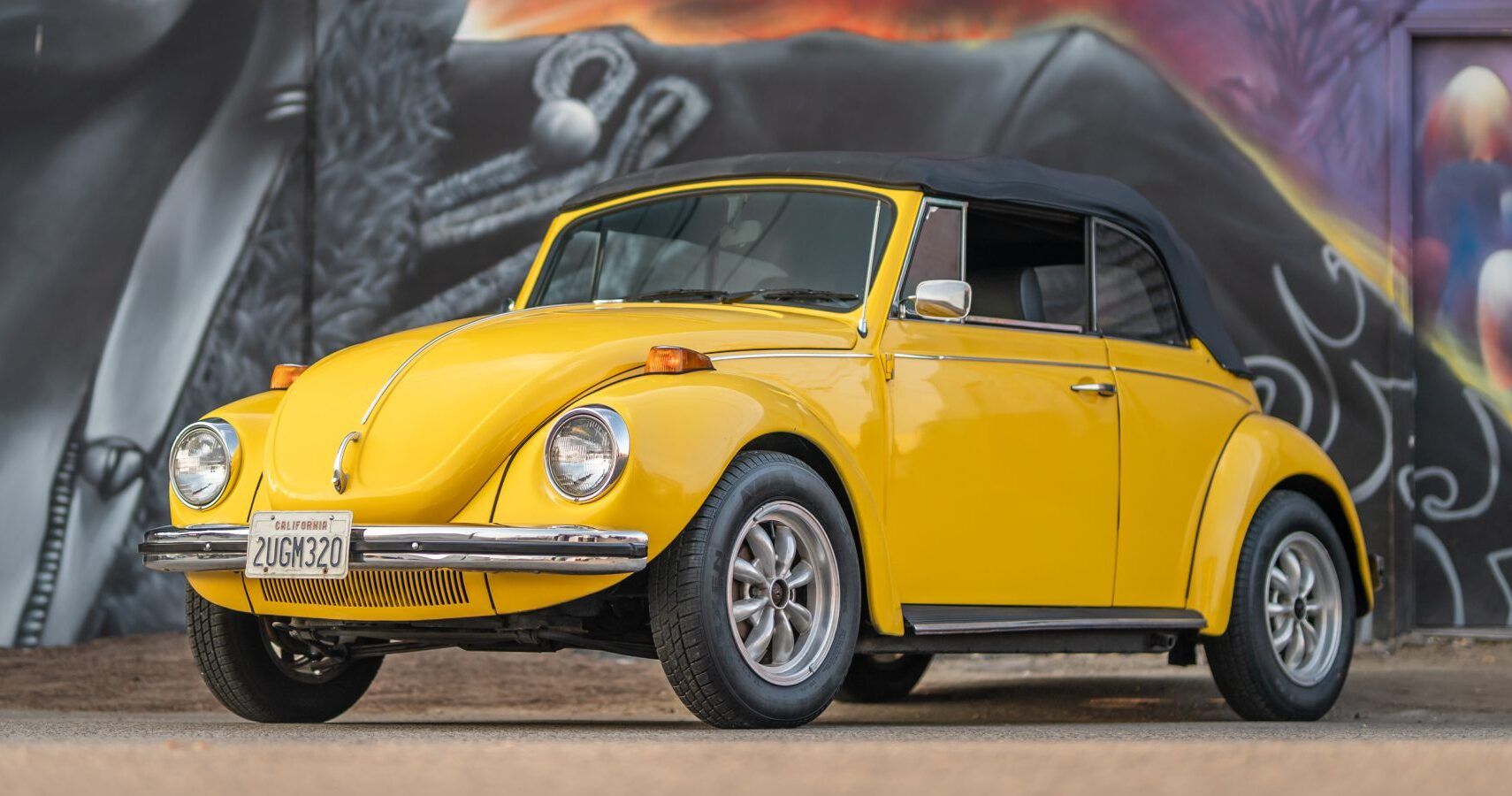 A yellow 1972 Volkswagen Beetle parked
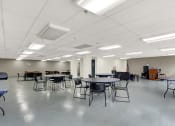 Thumbnail 7 of 18 - a large room with tables and chairs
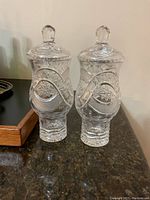 Pair of clear crystal lidded vases with detailed cut patterns on dark granite surface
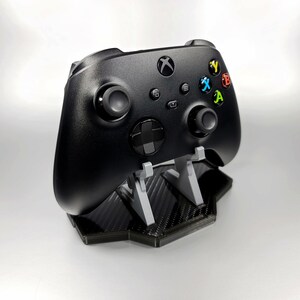 May include: A black Xbox controller on a black and grey carbon fibre stand. The controller has coloured buttons labelled X, Y, A, and B.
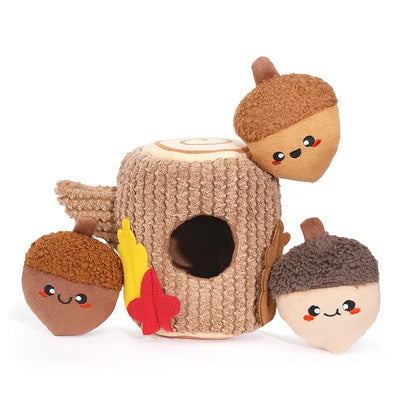 The Hugsmart Pet Oriland Autumn Woofs Acorn Tree Interactive Dog Toys includes three plush, smiling acorns, a textured log with a hole, and colorful leaves for playful fall fun and mental stimulation for your dog.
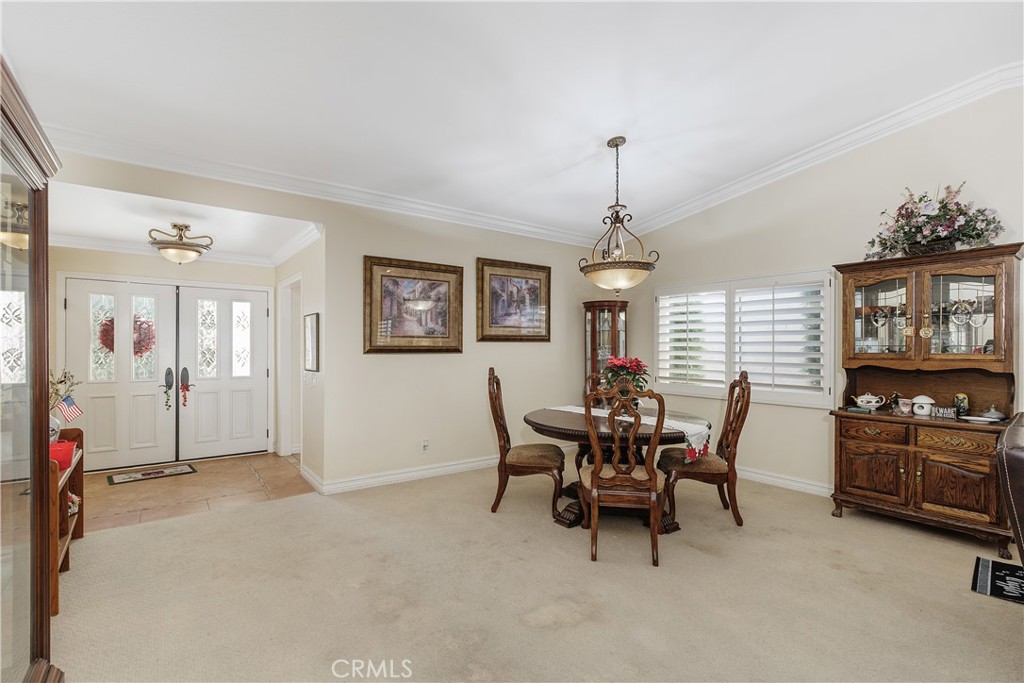 547 Vía Zapata Riverside, CA 92507 - Photo 10 of 36 The dining room has ample space for a large table. Also, the windows throughout the home have wood shutters.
——————
Each line from the one with "The Hugsmart Pet" through the end of the entries should be reproduced exactly. Leave out the pictures.

# Task result:
 The Hugsmart Pet Oriland Autumn Woofs Acorn Tree Interactive Dog Toys includes three plush, smiling acorns, a textured log with a hole, and colorful leaves for playful fall fun and mental stimulation for your dog.
 547 Vía Zapata Riverside, CA 92507 - Photo 10 of 36 The dining room has ample space for a large table. Also, the windows throughout the home have wood shutters.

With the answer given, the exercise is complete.